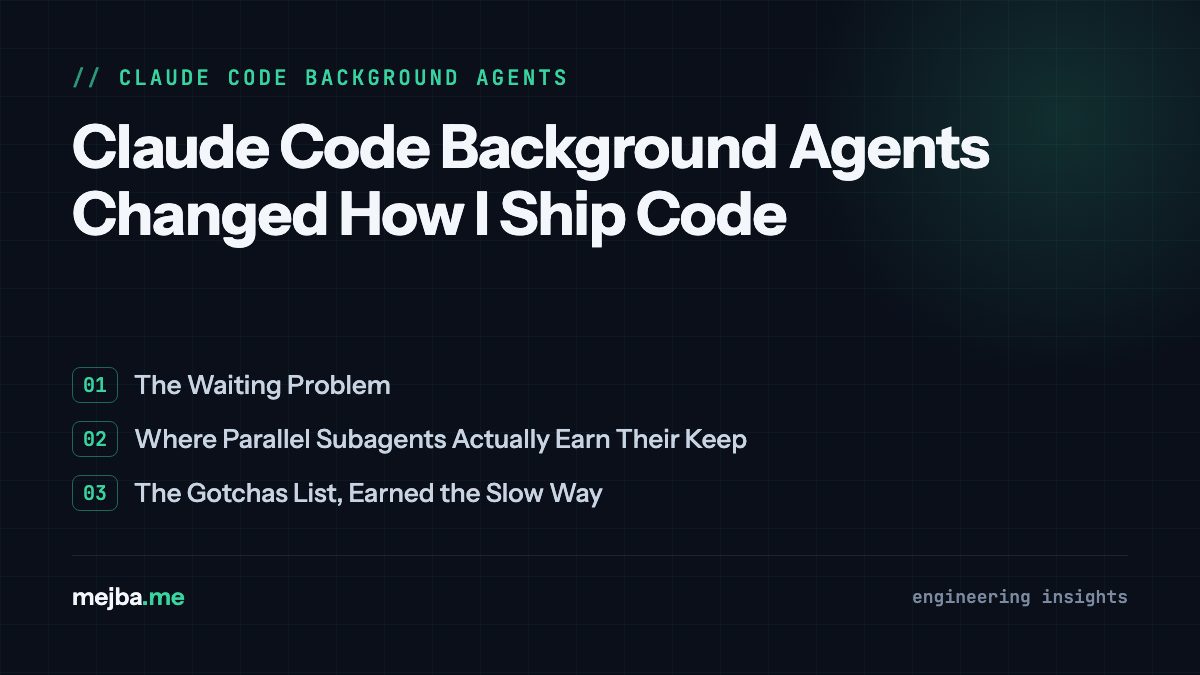 Claude Code Background Agents Changed How I Ship Code - overview of the waiting problem, where parallel subagents actually earn their keep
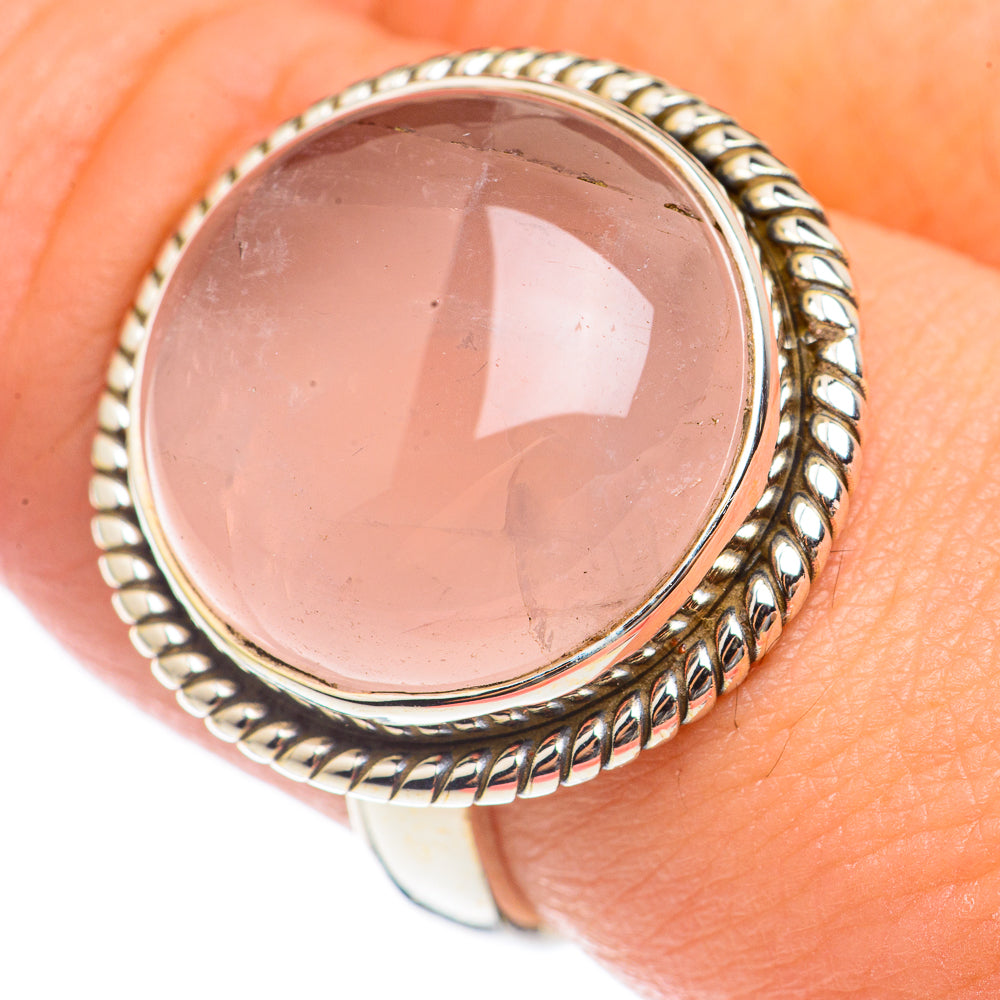 Rose Quartz Rings handcrafted by Anasilvercos - RING70140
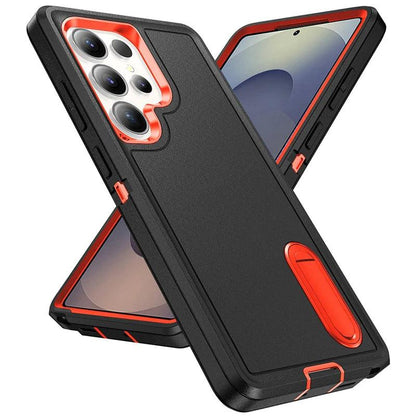 Rugged Armor Phone Case for Samsung Galaxy with Built-In Kickstand & Camera Protection | Military Grade Impact Resistant Cover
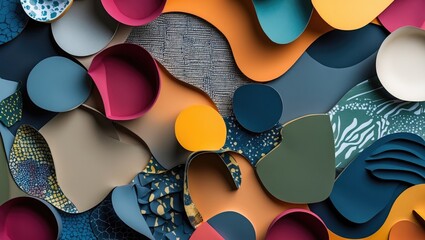 Fototapete - Colorful abstract background with curved paper shapes in various textures and vibrant hues of blue, orange, green, pink, and yellow.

#### What you have to do
Beginning with the line that bears "Rugged Armor Phone", output each line through the last line of the listing exactly, and no others; skip the pictures.

#### Task result
 Rugged Armor Phone Case for Samsung Galaxy with Built-In Kickstand & Camera Protection | Military Grade Impact Resistant Cover
 Fototapete - Colorful abstract background with curved paper shapes in various textures and vibrant hues of blue, orange, green, pink, and yellow.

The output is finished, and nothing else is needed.